Barbara Bui a toujours passé inaperçue. Même si elle compte des adeptes depuis plus d’une décennie, elle n’a jamais fait partie du «star système» de la mode, comme elle se plaît à nommer la tendance de l’industrie à placer certains designers (souvent des hommes) sur un piédestal.
Il est donc ironique que les idées sur lesquelles elle a basé son petit empire (l’androgynie, le cuir et le rock’n roll chic à la parisienne) vivent leur petit moment de gloire cet automne grâce à des collections créées par certains de ses pairs masculins.
«Je pense que ça peut être difficile pour les femmes présentement», avoue-t-elle devant son petit déjeuner : un café et des cigarettes. Nous nous sommes donné rendez-vous dans son atelier lumineux situé dans Le Marais à Paris. «Quand j’ai commencé, il y avait Sonia Rykiel, mais je pense que tout a changé depuis. Je crois que les femmes sont jugées plus durement», admet la designer d’origine vietnamienne.
Simplicité glamour
Plutôt que dessiner des collections aux références ésotériques comme certains autres designers, Bui crée des pièces simples taillées dans de riches étoffes qui sont à la fois portables et recherchées. Barbara Bui ne cherche pas de midi à 14 heures. Et c’est peut-être pourquoi les femmes l’adorent. Elle crée des vêtements qu’elle voudrait porter, mais qu’elle ne trouve pas en boutique.

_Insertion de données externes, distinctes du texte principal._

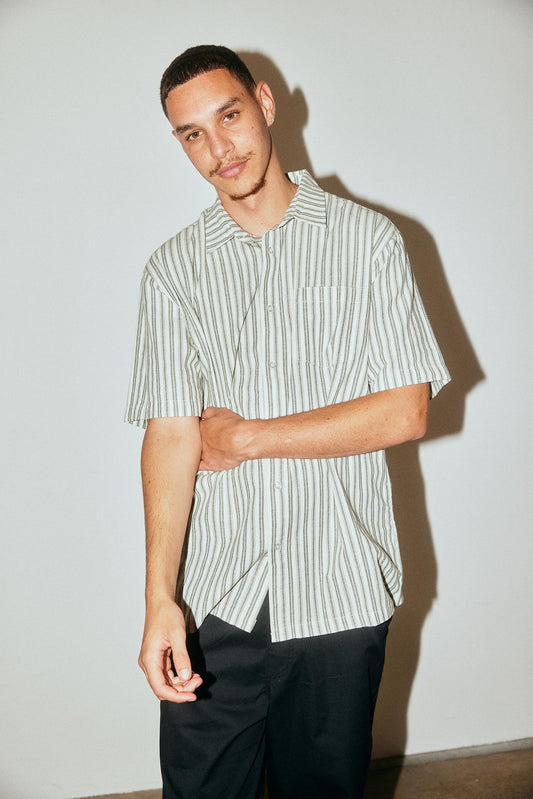 Former Reynolds Striped SS Shirt - BONE GREEN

C’est d’ailleurs en tant que propriétaire de boutique, dans les années 1980, qu’elle a commencé à créer. «Je voulais quelque chose qui fasse contrepoids à mon côté féminin, explique-t-elle. Je voulais que ce soit un peu androgyne, mais quand même élégant et sexy.»
Dans les années 1990, elle avait de la difficulté à trouver des pantalons avec une silhouette qui lui plaisait. Elle les a donc créés. «À cette époque, les pantalons étaient ennuyants. Trop fonctionnels. J’ai mis de l’avant des détails féminins. Depuis, les pantalons sont devenus une partie importante de mon univers.»
Plus encore, ses pantalons, magnifiques avec des talons vertigineux, sont devenus sa carte de visite, lui valant un fan-club de fidèles.
Son attirance pour la mode date de sa jeunesse. Elle se souvient même clairement du moment où le déclic a eu lieu, quand elle était petite fille. «J’avais environ quatre ans et j’observais ma mère en train de s’habiller pour une soirée. Elle portait une robe fourreau très simple en lamé or.»
Ce n’est peut-être pas pour rien que les tissus métallisés jouent un rôle important dans sa collection automnale, des jeans skinny en cuir aux chemisiers pailletés.